It is not about the already created and warped discourses, it is about the people who can change how stories about them are being told. This is not a story of a complex political and cultural region but, rather, a story on people who are working in an effort to change their reality. These people do not use smuggled weapons or thread on the fragility of human life with no concern for its value whatsoever. No, these are the people whose rapport with beauty extends beyond simple aesthetics. They create in order to resist, rather than resist in order to destroy…
If one of the main characteristics of street art resides in the notions of embedding a certain message, of socio-cultural and even political nature, into the aesthetics of an art piece, then we can safely assume that the context of the artwork itself becomes a very important aspect of the work (read more in our article Why is Urban Art Inherently Postmodern?). The nature of certain affairs in a community becomes simultaneously the source and final purpose of street art creation. In this instance, street art can be a crucial way of expressing the need to fight against a dominant ideology. Through the power of symbolic resistance, art becomes more than a message of social commentary, more than an object of beauty, it becomes a certain way of communicating within a society (read more on this in our article Urban Art’s Symbols of Resistance). This is the activity which presents itself as an important instance within a context of social conflict. Although it is a grand generalization to mark the entirety of the cultural space of Middle East as a space of conflict, and thus characterize it through extreme eurocentrism, we shall try to look at the activities of those artists who create when faced with state oppression and burdens of social injustice…

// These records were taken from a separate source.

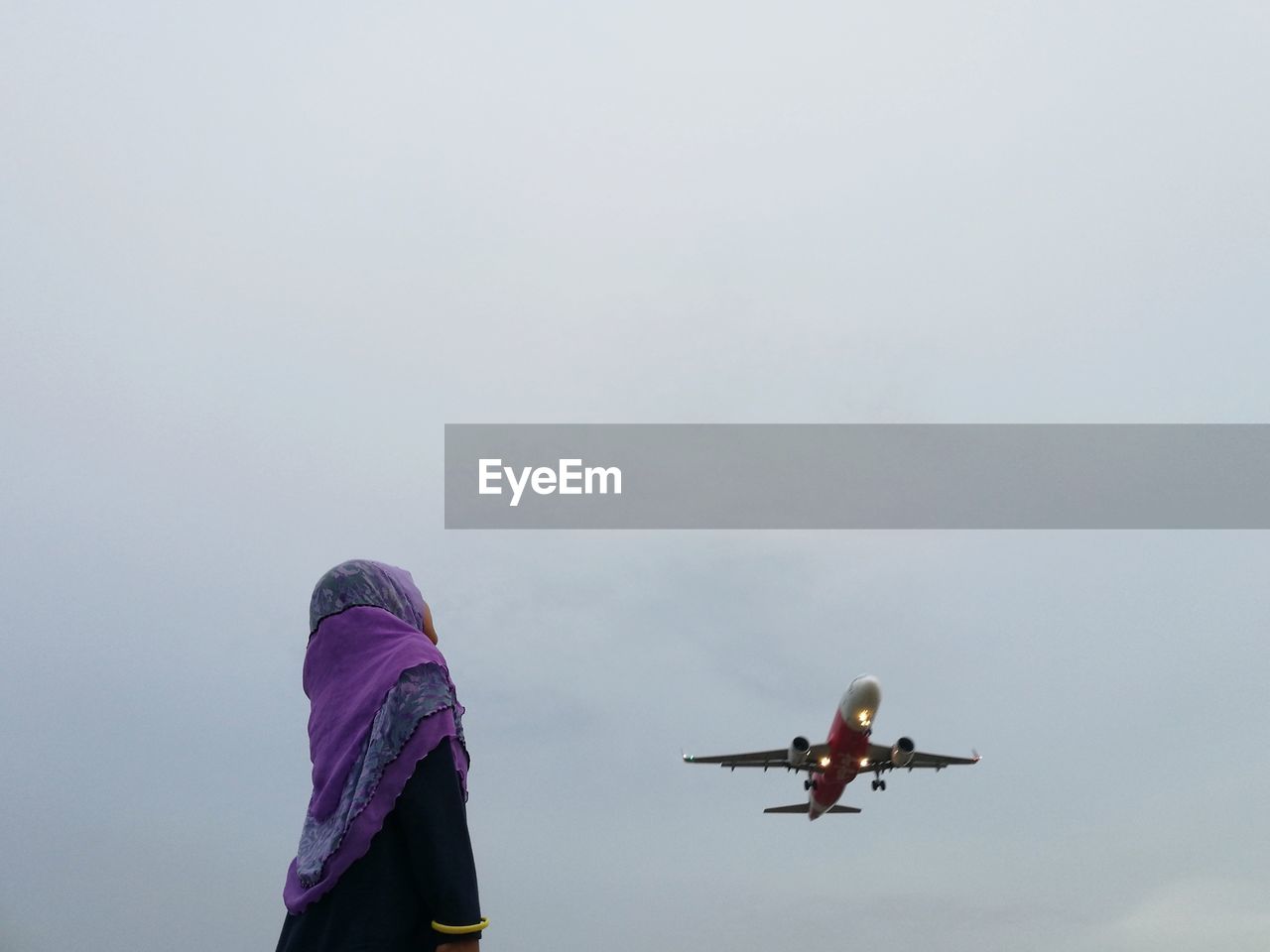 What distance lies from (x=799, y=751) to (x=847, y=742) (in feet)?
8.69

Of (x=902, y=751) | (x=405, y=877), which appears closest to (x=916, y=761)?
(x=902, y=751)

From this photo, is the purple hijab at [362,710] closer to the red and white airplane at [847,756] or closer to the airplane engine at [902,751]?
the red and white airplane at [847,756]

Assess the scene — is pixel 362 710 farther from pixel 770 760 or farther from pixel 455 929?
pixel 770 760

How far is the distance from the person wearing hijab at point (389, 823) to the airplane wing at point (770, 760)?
52417mm

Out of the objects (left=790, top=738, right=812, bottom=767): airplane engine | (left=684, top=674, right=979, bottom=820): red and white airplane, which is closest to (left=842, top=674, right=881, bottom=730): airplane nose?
(left=684, top=674, right=979, bottom=820): red and white airplane

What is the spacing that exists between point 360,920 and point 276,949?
1.66 feet

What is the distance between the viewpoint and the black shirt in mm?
3697

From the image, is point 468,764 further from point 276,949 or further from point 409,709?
point 276,949

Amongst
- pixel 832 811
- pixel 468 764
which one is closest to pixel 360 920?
pixel 468 764

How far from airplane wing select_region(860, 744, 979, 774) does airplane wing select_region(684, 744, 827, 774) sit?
0.47 m

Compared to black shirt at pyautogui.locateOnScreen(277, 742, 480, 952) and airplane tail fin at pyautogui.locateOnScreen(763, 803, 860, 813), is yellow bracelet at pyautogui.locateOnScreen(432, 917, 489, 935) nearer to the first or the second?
black shirt at pyautogui.locateOnScreen(277, 742, 480, 952)

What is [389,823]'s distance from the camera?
3869 mm

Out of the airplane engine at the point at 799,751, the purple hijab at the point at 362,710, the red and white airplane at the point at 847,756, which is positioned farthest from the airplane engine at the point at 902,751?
the purple hijab at the point at 362,710

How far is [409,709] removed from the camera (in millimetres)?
3830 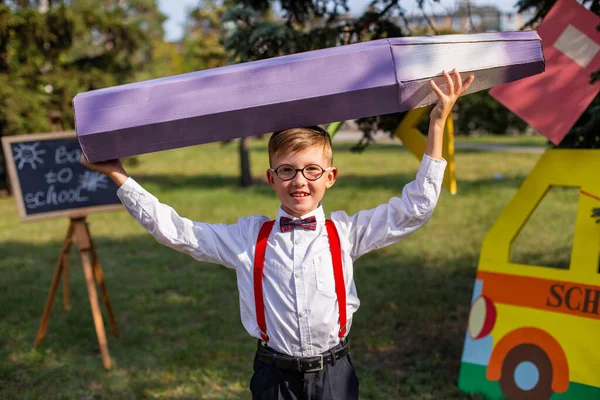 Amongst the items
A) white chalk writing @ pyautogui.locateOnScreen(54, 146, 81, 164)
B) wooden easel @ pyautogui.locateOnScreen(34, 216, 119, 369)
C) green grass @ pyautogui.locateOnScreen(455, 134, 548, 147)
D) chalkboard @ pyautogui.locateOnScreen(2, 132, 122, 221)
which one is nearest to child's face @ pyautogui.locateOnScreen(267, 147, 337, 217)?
wooden easel @ pyautogui.locateOnScreen(34, 216, 119, 369)

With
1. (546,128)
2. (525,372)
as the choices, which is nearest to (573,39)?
(546,128)

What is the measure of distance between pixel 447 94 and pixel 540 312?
6.21 ft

When it comes to the urge to create, a street artist is faced with one particular instance. In that moment when the artist starts to create in an urban context, he or she becomes part of a solitary situation. Afterwards, the artist disappears, without being able to see or feel the first and direct reaction to the piece. This is especially true for those artists who create in a context where the illegality of graffiti borders with oppression. One man has felt this since the beginning of his journey as a street artist. A1one was one of the first people to start writing graffiti in the Islamic Republic of Iran. The artist had been arrested and held imprisoned on various occasions, and had even been in conflict with his peers, the very people who should have supported him. Despite all of this, the artist stayed focused on creating street art, articulating Persian calligraphy and Western graffiti style, with an effort to present his critique of the Iranian society. Fortunately, A1one is no longer alone…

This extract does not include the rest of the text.